I am from the sequoia, reaching for the stars; the raven, raucous and sly. From back country roads named, by my great-grandfather Herndon, after members of my family, where my great-grandparents lived on the corner of Herndon and Joyce. From my grandfather's house at the corner of Herndon and Nadine with the mixed orchard that included every tree that we knew would grow in California at the time and a vegetable garden and melon patch I harvested with my basket for my meals. From the closet with the kaleidoscope and stereopticon viewer with slides and my Aunt Nadine's outgrown coloring books and crayons.

I am from sharing family stories and laughing easily at ourselves, from Virginia and Roland and Julia. From Hunts and Herndons and Uptons and Adamses. From slave holders and a Union soldier.

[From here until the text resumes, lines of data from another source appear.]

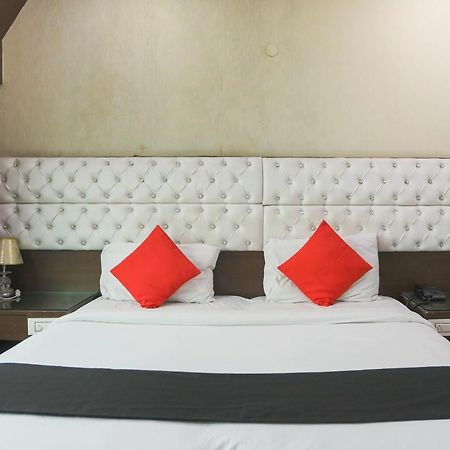 Hotel O Parktel Indirapuram Exterior photo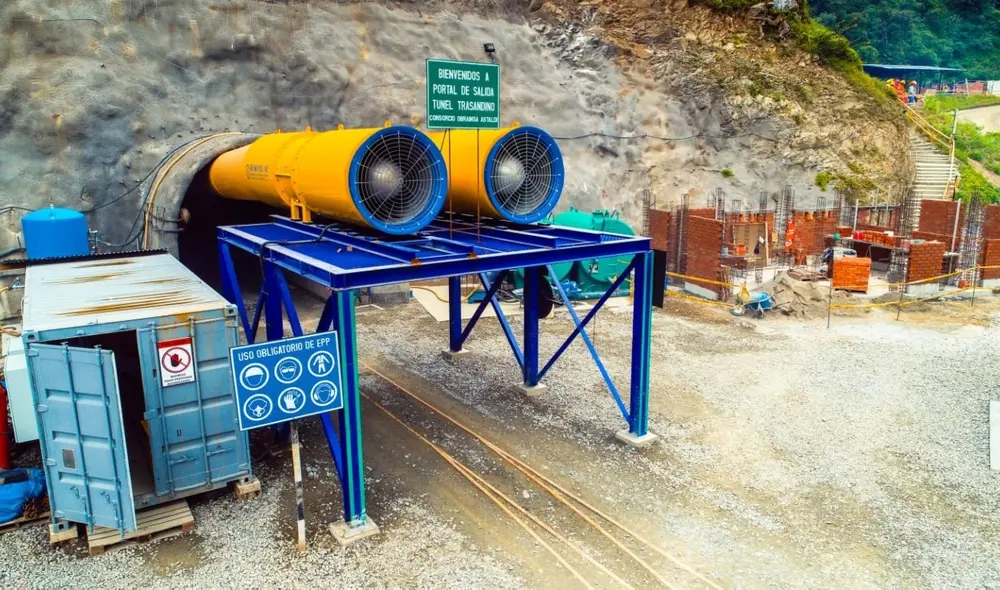 Este proyecto generaría más de 100,000 empleos directos e indirectos. Este proyecto generaría más de 100,000 empleos directos e indirectos.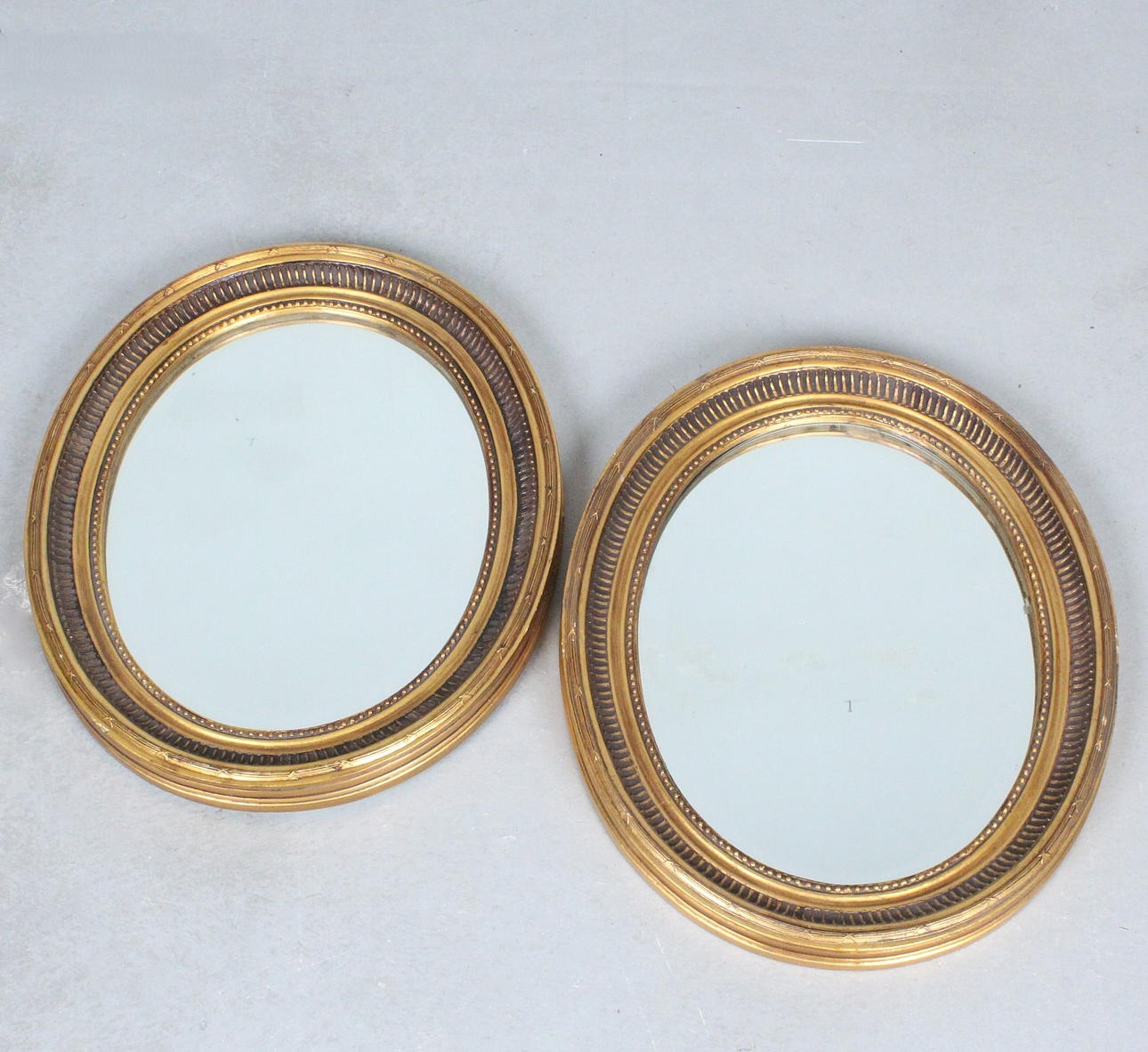 A pair of mirrors/wall mirrors.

From soldiers in most of the wars fought in this country since the French and Indian, including the brother of an ancestor who died at Bunker Hill.

From strong women -- two widows, a mother-in-law and daughter-in-law who raised their orphaned grandchild/great grandchild; one who refused to promise to obey when she got married in the 1890s; and another who ran away from home in the early 1900s and worked her way from the Atlantic coast to the Pacific to avoid being married to "a rich old man" her father had picked out.

I am from casual Christians with connections to Dunkards, Puritan ancestors, and free thinkers. A nominally protestant child who attended a Catholic boarding school for two years.

I am from bookworms and wanderers, who started in England and moved, step by step, generation by generation, westward to California and Alaska, by way of England, Massachusetts, Virginia, and roads west; watermelon that tasted like heaven grown from generations of seeds saved by my grandfather; and San Francisco sourdough French bread with salami and cheese picnics.

From Sarah Warren Osborne, who died waiting to be hung for witchcraft in Salem and the Putnams, who accused her; Etta Mace, who learned to read upside down by reading the Bible to her blind great-grandmother; Percy Herndon, who fought in World War I; my mother, who was a widow at 25 and who had newspaper covering the holes in the soles of her shoes when she remarried.

I am from a box of photos and several albums in my mother's closet filled with pictures of both identified and unidentified ancestors and relatives. From suddenly realizing that my sister looked like my grandmother's picture when grandma was 16. From looking at pictures of myself and my parents and seeing how loved I was.

I am also from my own generation -- an atheist with a sister who married a Palestinian from Kuwait and became Muslim and another sister who was once a B'hai missionary in Kotzebue, Alaska. A family that has, after an incredible number of generations of marrying only Colonial descendants from England, finally broken free and discovered diversity with a hey-nonny nonny! Which now includes a grand daughter whose other grands were originally from India, a great nephew who is black, a niece with a wife.

6 comments:

Marianne said...

This is beautiful! I'm going to make a pot of coffee and begin! Your life is so colorful, Jecelyn. I'm very curious to read my own. ;) Thank you for this. I'm having trouble finding the "read more" button. But, I've copied and pasted what I can find to a Word document and I'm going to begin. Thanks, Matianne

LauraHinNJ said...

Your are from so many diverse things!

I saw this on another blog awhile ago and meant to try it - will have to sit down with a pen and find my roots.

Thanks for sharing this - quite a read.

J said...

Hmmm...I don't know about the ancestor who worked her way west to avoid marriage! Loved your version. :)

Maya's Granny said...

J -- that was my grandmother Hunt.

kenju said...

Very interesting reading! I have been going to write a where I'm from ever since I first discovered them almost 2 years ago. Maybe I should just start......LOL

Joy Des Jardins said...

You are an amazing lady J...honest and intelligent, with a most warm and genuine humor...and, you share it with all of us. How lucky we are. Loved this post.